Abandoned crayfish found in a park in Tenerife: ‘You can be fined 200,000 euros for this’
Several abandoned crayfish have been found in a park in Tenerife, by a volunteer of the Association for the Defence and Protection of Animals of the Canary Islands (ADEPAC Canarias).
After the discovery, in the Sanabria Park in Santa Cruz, the volunteer alerted the Neotropic Foundation, who went to the park to rescue the crayfish that had been left there by someone and were in danger by being outside their natural habitat.
However, they can also create big problems when in this situation as they aim to adapt to their surroundings. ADEPAC explained that the crayfish dig holes to protect themselves from the excess heat in summer, and then when winter comes, they come out again dragging all the vegetation with them eroding the sides of ravines, altering the natural environment.

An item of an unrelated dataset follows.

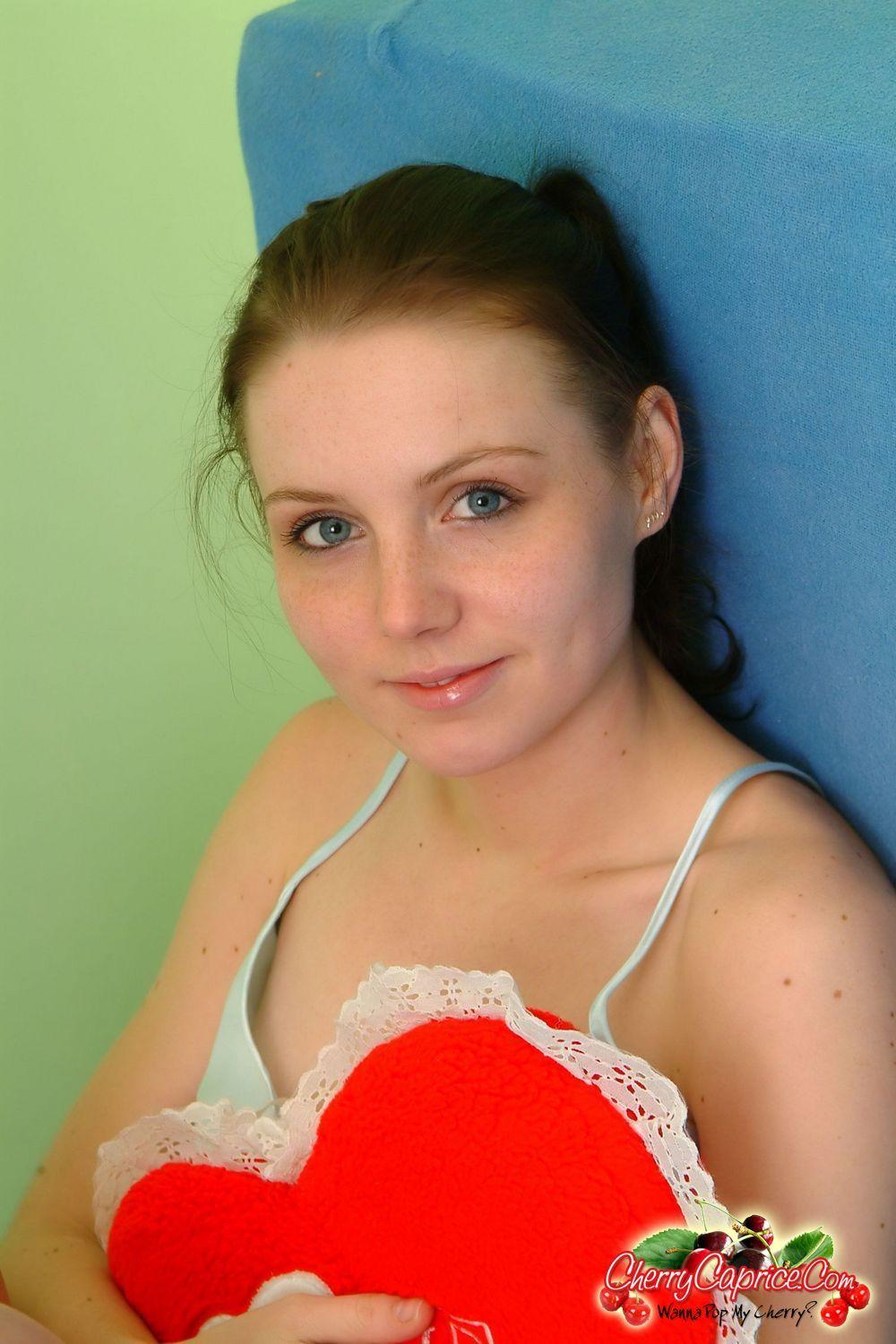 Photos de la jeune star cherry caprice se dénudant au lit
 #53774236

In addition to this, each female crayfish can lay up to 500 eggs so their reproduction is amazingly fast and they take over any area that their habitat.
The abandonment of any animal is a serious crime in Spain and, specifically, that of an invasive exotic species such as these carries sanctions and fines ranging from 3,000 to 200,000 euros.
Crayfish originate from the United States and, therefore, have been introduced in the Canary Islands, and are considered to be an invasive exotic species. The natural habitat of these creatures is bodies of water that have little currents such as rivers, lakes, lagoons, ponds, and swamps. If these places have a very high level of contamination, they would not be able to survive.